The Fort Hood massacre has provided a window into the media’s view of veterans as both victims and villains as the killer, Major Nidal Malik Hasan is neatly filling both roles for them. We are treated to story after story about all the “stress” Hasan was under as the primary motive for his shooting spree, though he had never deployed anywhere, and had been expressing radical Islamist views for years.
If treating returning veterans was enough to give Hasan PTSD, (though workers at Walter Reed constantly testify that being with these vets is an uplifting experience) then we had better watch for a raft of massacres in police stations where psychologists deal with rape victims, child sexual abuse and the like on a daily basis.
The media immediately jumped to the phony excuse of PTSD in Dr. Hasan because their template is that every combat veteran is one step away from sniping from a Texas clock tower.
President Obama’s reaction to Fort Hood has been less than inspiring. You would think that if a visit to Dover was worth a trip on Air Force One, press pool in tow, that we would get more than an obligatory statement presented as an afterthought—and a “shout out” to a political buddy—at something called the Tribal Nations Conference.
(Lost in the shock over Obama’s casual and callow statement about Ft.
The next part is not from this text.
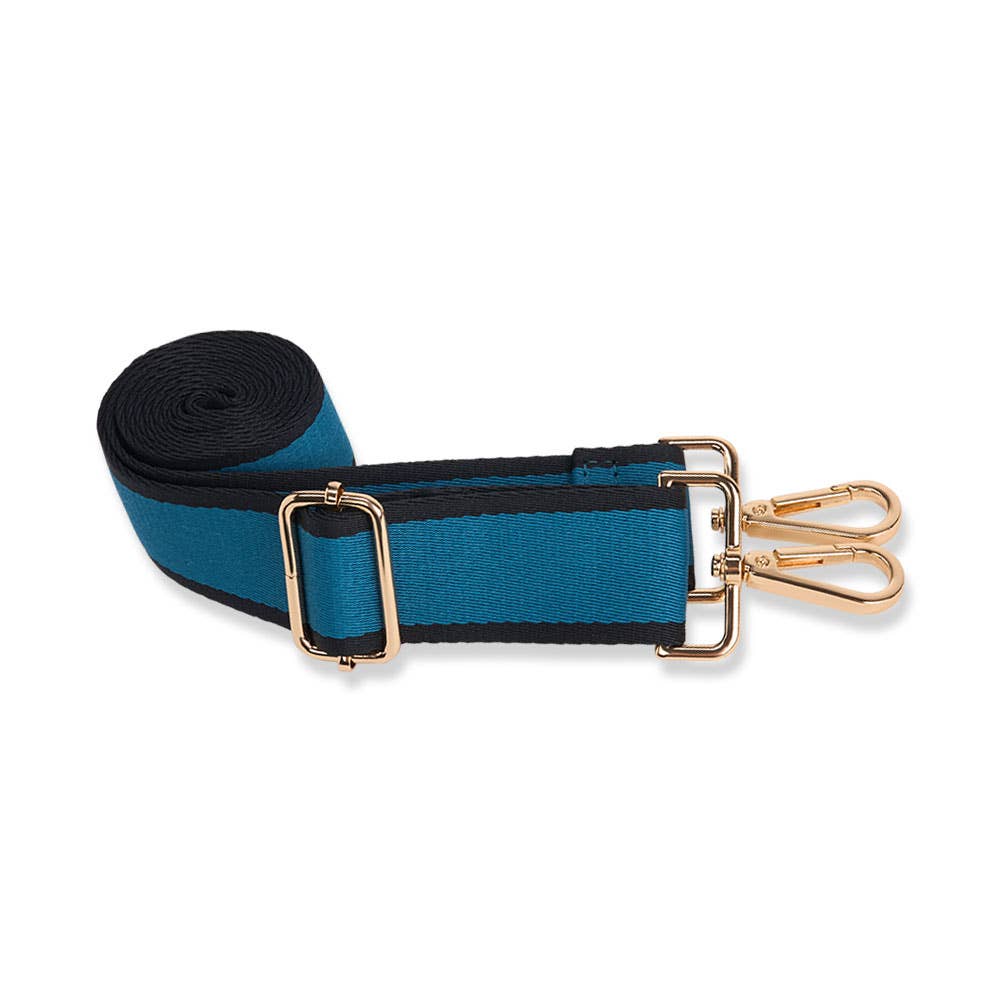 WanderFull® HydroBag® – Teal with Teal & Black Striped Strap - Juli's Wearable Art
Hood was the incredibly telling fact that he showed in his “shout out” to a Native American activist, that he (or his teleprompter) did not know the difference between the Presidential Medal of Freedom, a political award at the discretion of the President handed out for mainly ideological reasons, and the Congressional Medal of Honor. The Congressional Medal of Honor is the nation’s highest honor for valor in combat; and as likely to be awarded posthumously as not. A private who is awarded (not “wins”) the CMOH would be saluted by a room full of generals, such is the reverence in which it is held, and the rarity of its awarding.)
Obama’s follow-up statement the next day was even worse. Obama gave nearly equal time between sympathy for the families and the concern that the reports of Hasan’s anti-American Muslim radicalism would lead to a backlash against anti-American radical Muslims.
It is important to honor the honorable dead. Veterans Day was initially called Remembrance Day. But remembering them merely as victims robs them of the reason they are different than other residents of the cemetery.
Robert Kaplan has embedded with more military units than probably any other civilian reporter. Because of his proximity and sympathy on many issues, he began to think of himself as one of them—until the shooting started:
“Running into the fire rather than seeking cover from it goes counter to every human instinct – trust me … I had started deluding myself that they weren’t much different from me. They had soft spots, they got sick, they complained. But in one flash … I realized they were not like me; they were Marines. It is no exaggeration to say that Capt. Smith and Bravo literally rode to the sound of the guns.”
This Veterans Day, honor the dead. Find a way to be of service to the wounded, or to the family of a deployed soldier, sailor or airman– but not out of pity.
The only way to truly honor our military, past and present, is to honor them for what makes them different than us. We should celebrate that quality they possess that most of us do not—the reaction to run to the sound of the guns; and to enthusiastically wreak havoc on those who would do damage to the nation and the people they love.
As Bing West concludes in No True Glory:
“There would be no true glory for our soldiers in Iraq until they were not looked upon as victims but as aggressive warriors. Stories of their bravery deserved to be recorded and read by the next generation. Unsung, the noblest deed will die.”
Until Barack Obama is as comfortable in honoring the achievements of our military as he is its sacrifices, he does them no honor at all.